*** DATA PROVIDED ***

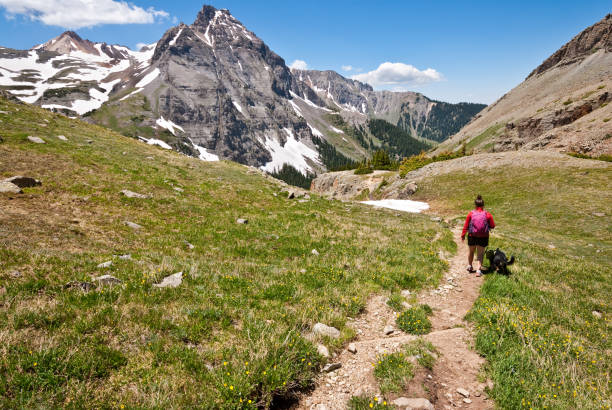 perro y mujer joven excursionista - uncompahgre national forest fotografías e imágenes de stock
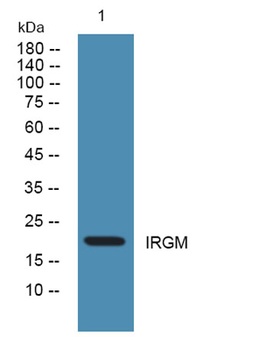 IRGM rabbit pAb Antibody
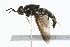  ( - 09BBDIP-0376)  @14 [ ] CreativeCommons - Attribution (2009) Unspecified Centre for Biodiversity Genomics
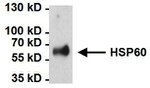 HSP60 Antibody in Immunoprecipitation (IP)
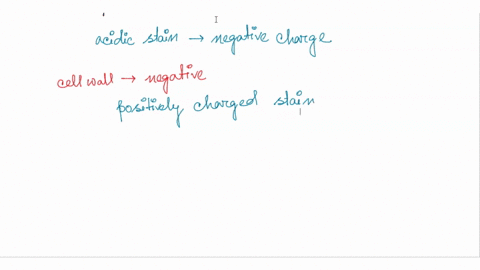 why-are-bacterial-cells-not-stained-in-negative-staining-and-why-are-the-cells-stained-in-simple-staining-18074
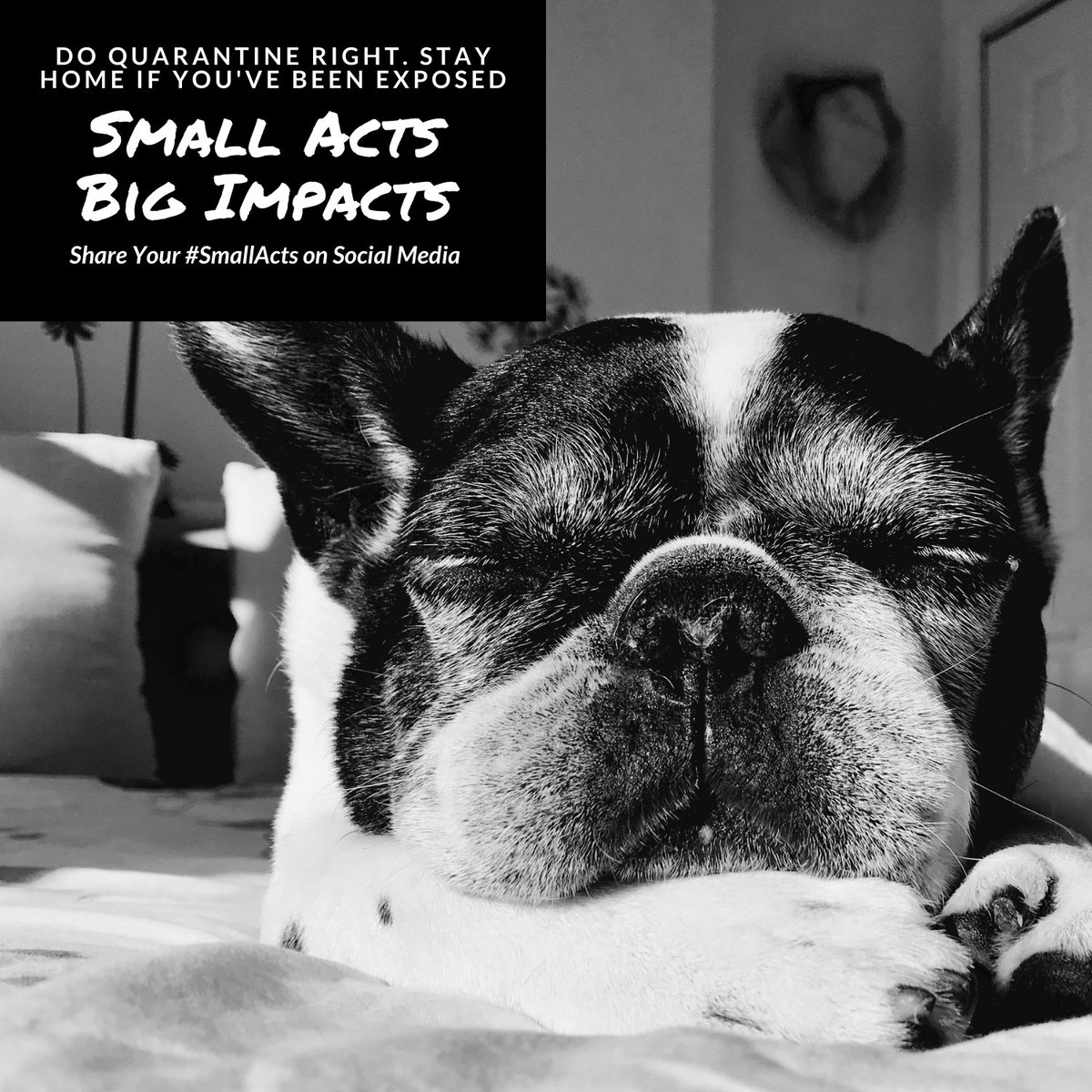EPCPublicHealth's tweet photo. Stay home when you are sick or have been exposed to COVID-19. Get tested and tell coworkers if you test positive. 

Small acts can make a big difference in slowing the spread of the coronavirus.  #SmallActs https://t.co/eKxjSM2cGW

*** End of DATA PROVIDED ***

**WHAT THE EXERCISE ASKS**
Set down the records again exactly as they appear, leaving each picture behind.

**SOLUTION TO THE EXERCISE**
 perro y mujer joven excursionista - uncompahgre national forest fotografías e imágenes de stock
 IRGM rabbit pAb Antibody
  ( - 09BBDIP-0376)  @14 [ ] CreativeCommons - Attribution (2009) Unspecified Centre for Biodiversity Genomics
 HSP60 Antibody in Immunoprecipitation (IP)
 why-are-bacterial-cells-not-stained-in-negative-staining-and-why-are-the-cells-stained-in-simple-staining-18074
EPCPublicHealth's tweet photo. Stay home when you are sick or have been exposed to COVID-19. Get tested and tell coworkers if you test positive. 

Small acts can make a big difference in slowing the spread of the coronavirus.  #SmallActs https://t.co/eKxjSM2cGW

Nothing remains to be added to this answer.